Other grievances, of course, have emerged, mostly from African American women who not only feel underrepresented in this mostly male enclave, but are insulted that the movie’s sole romance involves the squadron’s ace (David Oyelowo) with an Italian local (Daniela Ruah). I understand the feeling — and am especially charmed a reference in a review by my old friend Esther Iverem where she notes that the woman’s photo and a picture of a black Christ are the only decorations in the pilots’ cockpits: “Makes it seem like the Tuskegee Airmen were fighting for Jesus and white women. I don’t know whether to laugh or sigh.”

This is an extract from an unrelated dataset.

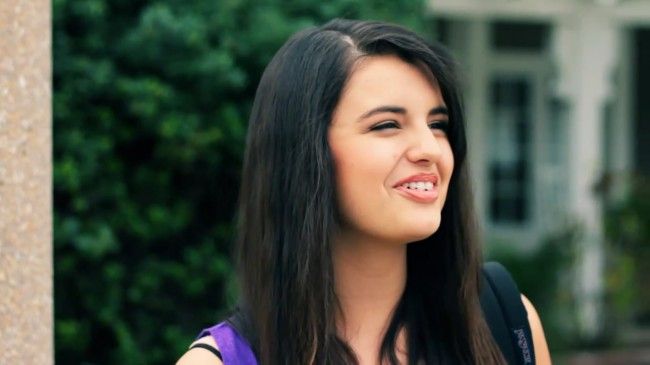 Between The Lines: Rebecca Black’s “Friday”
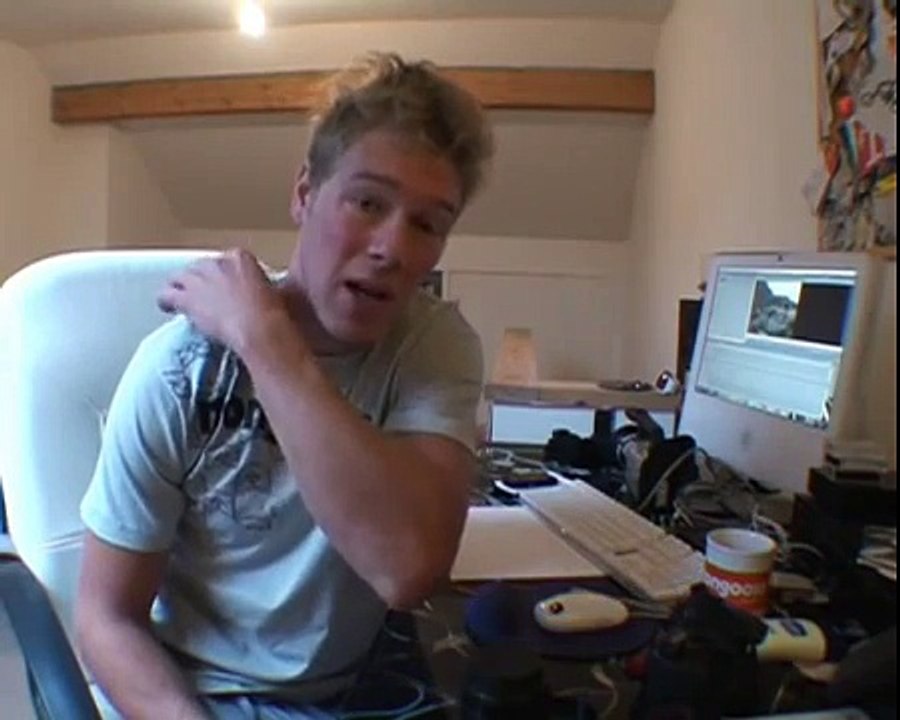 Chris Akrigg- Step of death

Other critics have chided Lucas and company for not emphasizing the racism enough. And on some level, it may only double the inequity that the great Bryan Cranston of Breaking Bad has limited screen time as the lone surrogate for all the brass hats openly cheering for theTuskegee experiment to crash on takeoff. On the other hand, who needs to hear all those dreary tapes over and over again? Howard’s Colonel A.J. Bullard (really Benjamin O. Davis Jr., but you already knew that, right?) speaks for all of us in the Age of Obama when he says to theCranston character that (in essence) he doesn’t give a fuck what the palefaces think of his men.

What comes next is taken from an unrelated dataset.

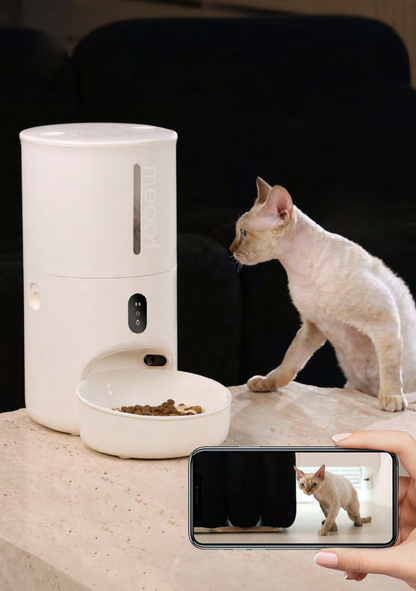 4L Camera App Pet Feeder - V66M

So now that’s over with, we can just let the fellas fly. And as you’ve probably heard by now, the movie soars highest when the planes do. Though there isn’t anything here that matches the best set pieces in any of the six films in Lucas’ Skywalker Chronicles, it’s as gratifying as it is thrilling to watch black pilots carrying out barrel rolls, loops and dogfights without thinking of them as victims first. They’re not quite characters either. They’re more archetypes with quirks and foibles writ large (The One Who Drinks Too Much, The One Who Nods Sagely & Smokes a Pipe, The One Who Drawls Down-Home Jokes and so forth.) Once again, old genre conventions, like Massa’s old hand-me-downs, are presented to African Americans as fresh togs with the challenge to make them look brand new. As always, the talent manages to do just that, though not quite enough to make you forget that you’re watching action figures in a comic book. But that’s what movies are, mostly because of George Lucas. So we’ll settle for Red Tails until it’s time for the movies to grow up again.